### Action item
Look through the records below for the line with "N-ベンゾイル-5'-O-[ビス(4-メ" and the line with "Pood24 kuusnurkne külgseintega", then return those lines and all lines between, exactly.

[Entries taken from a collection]

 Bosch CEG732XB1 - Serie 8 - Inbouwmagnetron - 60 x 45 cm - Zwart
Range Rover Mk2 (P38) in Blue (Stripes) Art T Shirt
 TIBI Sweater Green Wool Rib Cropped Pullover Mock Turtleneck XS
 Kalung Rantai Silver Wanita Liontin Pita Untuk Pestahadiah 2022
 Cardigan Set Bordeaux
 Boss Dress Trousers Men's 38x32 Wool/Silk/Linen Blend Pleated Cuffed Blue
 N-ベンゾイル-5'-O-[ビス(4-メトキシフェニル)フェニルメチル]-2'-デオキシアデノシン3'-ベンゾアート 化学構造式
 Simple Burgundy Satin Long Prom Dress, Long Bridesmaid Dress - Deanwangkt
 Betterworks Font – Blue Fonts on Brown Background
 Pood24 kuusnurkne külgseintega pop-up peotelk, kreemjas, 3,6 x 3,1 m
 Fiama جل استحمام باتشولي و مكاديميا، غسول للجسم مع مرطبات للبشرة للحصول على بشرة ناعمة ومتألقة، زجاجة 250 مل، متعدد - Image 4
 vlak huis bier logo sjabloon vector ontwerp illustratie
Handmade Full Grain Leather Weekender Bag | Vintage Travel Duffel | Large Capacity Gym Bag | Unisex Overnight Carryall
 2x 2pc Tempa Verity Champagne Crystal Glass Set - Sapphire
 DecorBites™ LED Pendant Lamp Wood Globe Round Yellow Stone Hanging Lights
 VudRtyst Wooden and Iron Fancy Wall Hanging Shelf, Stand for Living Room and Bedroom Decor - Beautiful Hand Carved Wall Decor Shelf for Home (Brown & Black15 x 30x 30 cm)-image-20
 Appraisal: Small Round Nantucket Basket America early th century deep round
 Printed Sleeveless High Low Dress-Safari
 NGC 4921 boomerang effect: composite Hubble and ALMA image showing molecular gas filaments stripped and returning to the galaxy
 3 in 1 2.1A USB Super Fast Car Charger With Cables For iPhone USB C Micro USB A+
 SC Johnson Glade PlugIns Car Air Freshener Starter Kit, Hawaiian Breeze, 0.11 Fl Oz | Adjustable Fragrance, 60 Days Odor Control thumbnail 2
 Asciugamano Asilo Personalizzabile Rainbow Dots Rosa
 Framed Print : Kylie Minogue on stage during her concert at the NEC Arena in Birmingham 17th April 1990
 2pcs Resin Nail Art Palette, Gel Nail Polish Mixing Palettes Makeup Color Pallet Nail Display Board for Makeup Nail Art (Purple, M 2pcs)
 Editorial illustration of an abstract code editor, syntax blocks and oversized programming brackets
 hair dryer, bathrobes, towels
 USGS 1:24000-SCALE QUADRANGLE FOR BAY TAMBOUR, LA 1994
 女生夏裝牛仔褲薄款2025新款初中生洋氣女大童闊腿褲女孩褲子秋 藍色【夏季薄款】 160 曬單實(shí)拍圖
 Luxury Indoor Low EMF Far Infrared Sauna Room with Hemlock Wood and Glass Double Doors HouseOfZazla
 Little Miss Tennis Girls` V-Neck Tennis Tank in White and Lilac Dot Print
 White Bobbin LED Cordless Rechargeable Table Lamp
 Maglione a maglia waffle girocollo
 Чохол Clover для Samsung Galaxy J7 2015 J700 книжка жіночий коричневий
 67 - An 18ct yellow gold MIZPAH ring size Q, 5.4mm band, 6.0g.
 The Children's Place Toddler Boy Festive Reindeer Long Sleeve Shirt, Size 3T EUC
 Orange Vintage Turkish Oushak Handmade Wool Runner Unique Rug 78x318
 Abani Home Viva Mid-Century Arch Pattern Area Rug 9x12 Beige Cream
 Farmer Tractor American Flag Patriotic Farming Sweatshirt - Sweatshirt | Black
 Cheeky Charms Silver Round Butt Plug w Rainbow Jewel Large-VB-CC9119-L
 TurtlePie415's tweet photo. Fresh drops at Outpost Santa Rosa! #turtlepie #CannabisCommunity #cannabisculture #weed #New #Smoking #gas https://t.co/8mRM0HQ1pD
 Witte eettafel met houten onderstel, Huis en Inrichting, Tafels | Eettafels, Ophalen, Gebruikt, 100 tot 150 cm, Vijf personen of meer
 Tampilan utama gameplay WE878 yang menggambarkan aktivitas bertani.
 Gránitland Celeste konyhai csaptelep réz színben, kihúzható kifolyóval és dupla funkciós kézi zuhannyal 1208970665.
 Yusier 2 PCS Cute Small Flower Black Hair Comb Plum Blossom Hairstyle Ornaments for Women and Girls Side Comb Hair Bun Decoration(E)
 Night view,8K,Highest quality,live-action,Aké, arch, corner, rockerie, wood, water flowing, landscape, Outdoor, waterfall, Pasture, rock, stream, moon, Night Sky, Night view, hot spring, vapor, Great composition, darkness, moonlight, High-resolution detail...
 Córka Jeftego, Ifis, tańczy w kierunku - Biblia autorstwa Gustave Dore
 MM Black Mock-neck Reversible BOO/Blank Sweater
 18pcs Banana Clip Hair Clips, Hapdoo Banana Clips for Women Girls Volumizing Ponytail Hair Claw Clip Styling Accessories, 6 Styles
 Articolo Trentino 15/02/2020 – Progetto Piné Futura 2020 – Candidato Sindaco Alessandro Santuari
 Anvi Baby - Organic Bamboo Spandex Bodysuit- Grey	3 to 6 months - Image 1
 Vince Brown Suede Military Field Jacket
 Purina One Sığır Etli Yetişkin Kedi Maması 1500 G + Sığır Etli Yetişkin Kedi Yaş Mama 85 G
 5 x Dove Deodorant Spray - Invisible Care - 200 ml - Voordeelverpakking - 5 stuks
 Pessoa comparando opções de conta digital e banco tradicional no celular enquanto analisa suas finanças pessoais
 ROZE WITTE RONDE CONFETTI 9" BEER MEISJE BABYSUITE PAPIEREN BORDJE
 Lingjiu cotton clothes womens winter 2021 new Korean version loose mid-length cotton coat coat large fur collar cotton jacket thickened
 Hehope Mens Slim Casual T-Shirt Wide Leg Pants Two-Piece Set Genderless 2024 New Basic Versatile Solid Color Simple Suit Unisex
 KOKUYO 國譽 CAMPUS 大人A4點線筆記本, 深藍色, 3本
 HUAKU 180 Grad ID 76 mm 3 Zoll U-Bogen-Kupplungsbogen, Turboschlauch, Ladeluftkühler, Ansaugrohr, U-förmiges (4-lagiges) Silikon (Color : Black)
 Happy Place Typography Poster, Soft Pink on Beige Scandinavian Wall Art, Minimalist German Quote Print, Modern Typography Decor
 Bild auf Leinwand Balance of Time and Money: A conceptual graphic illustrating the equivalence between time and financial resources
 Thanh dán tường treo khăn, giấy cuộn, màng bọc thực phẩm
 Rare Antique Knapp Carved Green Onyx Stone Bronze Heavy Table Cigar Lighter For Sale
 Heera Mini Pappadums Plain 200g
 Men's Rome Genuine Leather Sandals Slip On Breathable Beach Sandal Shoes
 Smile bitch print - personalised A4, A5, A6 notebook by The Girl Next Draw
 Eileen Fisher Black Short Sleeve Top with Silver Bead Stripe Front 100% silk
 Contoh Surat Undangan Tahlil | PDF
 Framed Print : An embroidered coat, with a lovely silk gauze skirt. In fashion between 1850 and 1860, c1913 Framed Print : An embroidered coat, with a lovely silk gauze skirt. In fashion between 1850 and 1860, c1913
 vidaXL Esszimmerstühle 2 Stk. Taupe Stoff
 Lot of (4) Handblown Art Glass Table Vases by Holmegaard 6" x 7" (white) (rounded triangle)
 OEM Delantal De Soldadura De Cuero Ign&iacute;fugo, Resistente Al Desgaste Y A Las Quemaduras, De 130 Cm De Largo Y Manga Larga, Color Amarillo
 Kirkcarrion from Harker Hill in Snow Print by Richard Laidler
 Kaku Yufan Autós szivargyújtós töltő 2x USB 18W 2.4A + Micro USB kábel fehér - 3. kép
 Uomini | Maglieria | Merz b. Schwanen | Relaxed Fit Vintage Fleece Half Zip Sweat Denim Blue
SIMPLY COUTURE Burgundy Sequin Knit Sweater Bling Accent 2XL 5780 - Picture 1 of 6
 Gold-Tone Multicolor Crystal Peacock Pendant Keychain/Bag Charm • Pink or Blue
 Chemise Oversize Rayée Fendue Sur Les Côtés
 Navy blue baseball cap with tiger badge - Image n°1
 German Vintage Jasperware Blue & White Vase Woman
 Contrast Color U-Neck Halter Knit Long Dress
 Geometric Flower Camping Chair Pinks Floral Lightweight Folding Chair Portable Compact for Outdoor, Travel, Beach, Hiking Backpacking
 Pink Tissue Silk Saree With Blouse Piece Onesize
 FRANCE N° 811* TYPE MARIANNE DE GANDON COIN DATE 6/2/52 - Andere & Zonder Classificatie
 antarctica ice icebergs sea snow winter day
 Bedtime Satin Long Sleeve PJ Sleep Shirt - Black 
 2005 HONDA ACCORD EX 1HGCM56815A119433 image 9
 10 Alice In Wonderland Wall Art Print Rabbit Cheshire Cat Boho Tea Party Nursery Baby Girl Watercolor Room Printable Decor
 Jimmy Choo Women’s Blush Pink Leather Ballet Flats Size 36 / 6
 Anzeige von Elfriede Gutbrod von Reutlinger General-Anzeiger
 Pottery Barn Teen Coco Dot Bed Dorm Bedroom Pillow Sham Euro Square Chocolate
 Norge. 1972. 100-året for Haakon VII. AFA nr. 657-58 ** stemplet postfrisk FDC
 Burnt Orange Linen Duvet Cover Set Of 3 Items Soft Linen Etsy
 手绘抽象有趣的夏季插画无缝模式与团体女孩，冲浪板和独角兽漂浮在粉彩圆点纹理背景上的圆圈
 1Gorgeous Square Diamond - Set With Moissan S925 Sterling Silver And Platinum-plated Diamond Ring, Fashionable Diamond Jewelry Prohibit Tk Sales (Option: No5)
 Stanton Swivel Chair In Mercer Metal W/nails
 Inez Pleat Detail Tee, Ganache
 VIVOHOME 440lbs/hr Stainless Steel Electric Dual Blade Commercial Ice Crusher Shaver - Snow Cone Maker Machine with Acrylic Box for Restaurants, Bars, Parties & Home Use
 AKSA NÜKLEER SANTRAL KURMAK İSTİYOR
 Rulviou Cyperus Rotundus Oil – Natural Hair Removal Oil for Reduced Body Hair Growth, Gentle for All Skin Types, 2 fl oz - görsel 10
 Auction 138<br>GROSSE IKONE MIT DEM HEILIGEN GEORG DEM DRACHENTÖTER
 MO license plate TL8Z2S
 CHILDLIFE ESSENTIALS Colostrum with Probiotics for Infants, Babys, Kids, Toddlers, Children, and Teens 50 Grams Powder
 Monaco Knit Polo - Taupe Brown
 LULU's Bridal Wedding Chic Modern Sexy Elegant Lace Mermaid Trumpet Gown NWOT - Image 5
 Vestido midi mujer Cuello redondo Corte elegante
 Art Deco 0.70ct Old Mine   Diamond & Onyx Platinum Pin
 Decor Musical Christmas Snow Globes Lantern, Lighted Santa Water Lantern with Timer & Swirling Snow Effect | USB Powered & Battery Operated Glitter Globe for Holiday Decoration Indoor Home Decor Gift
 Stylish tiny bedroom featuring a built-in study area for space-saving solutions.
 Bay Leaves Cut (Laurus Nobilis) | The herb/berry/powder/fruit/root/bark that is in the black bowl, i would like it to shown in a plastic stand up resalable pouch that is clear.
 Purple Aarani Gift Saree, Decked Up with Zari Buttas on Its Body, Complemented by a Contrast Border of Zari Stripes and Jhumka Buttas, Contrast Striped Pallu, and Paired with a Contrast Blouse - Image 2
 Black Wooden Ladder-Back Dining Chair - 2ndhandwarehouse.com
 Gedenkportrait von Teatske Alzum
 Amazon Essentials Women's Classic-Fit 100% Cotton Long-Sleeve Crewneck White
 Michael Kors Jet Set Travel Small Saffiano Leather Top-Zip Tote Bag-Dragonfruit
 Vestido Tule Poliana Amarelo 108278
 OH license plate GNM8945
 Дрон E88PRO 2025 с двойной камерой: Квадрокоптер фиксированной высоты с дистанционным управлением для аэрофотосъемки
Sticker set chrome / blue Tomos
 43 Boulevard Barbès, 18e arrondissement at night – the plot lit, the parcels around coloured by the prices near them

### Result of the exercise
 N-ベンゾイル-5'-O-[ビス(4-メトキシフェニル)フェニルメチル]-2'-デオキシアデノシン3'-ベンゾアート 化学構造式
 Simple Burgundy Satin Long Prom Dress, Long Bridesmaid Dress - Deanwangkt
 Betterworks Font – Blue Fonts on Brown Background
 Pood24 kuusnurkne külgseintega pop-up peotelk, kreemjas, 3,6 x 3,1 m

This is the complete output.